Retype the data that follows line by line, exactly, and leave its pictures out.

*INFORMATION SHOWN*
++++++

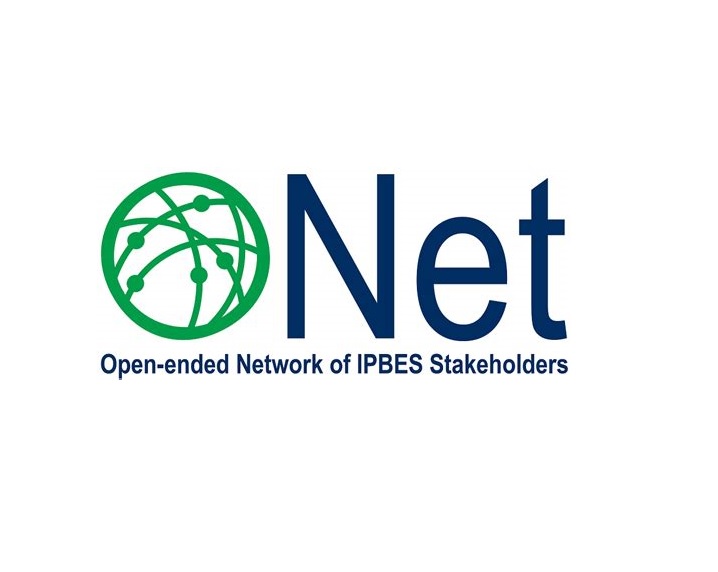 📢ONet invites you to take part in the upcoming Quarterly Meeting between stakeholders and the IPBES Secretariat! 🔗Read more here: onet.ipbes.net/node/131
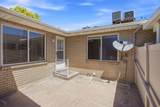 10157 Cornerstone Dr - Photo 27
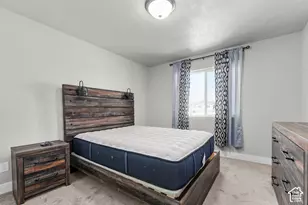 3692 E Barton Creek Dr, Eagle Mountain, UT 84005 - Photo 23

++++++

*REPLY*
 📢ONet invites you to take part in the upcoming Quarterly Meeting between stakeholders and the IPBES Secretariat! 🔗Read more here: onet.ipbes.net/node/131
 10157 Cornerstone Dr - Photo 27
 3692 E Barton Creek Dr, Eagle Mountain, UT 84005 - Photo 23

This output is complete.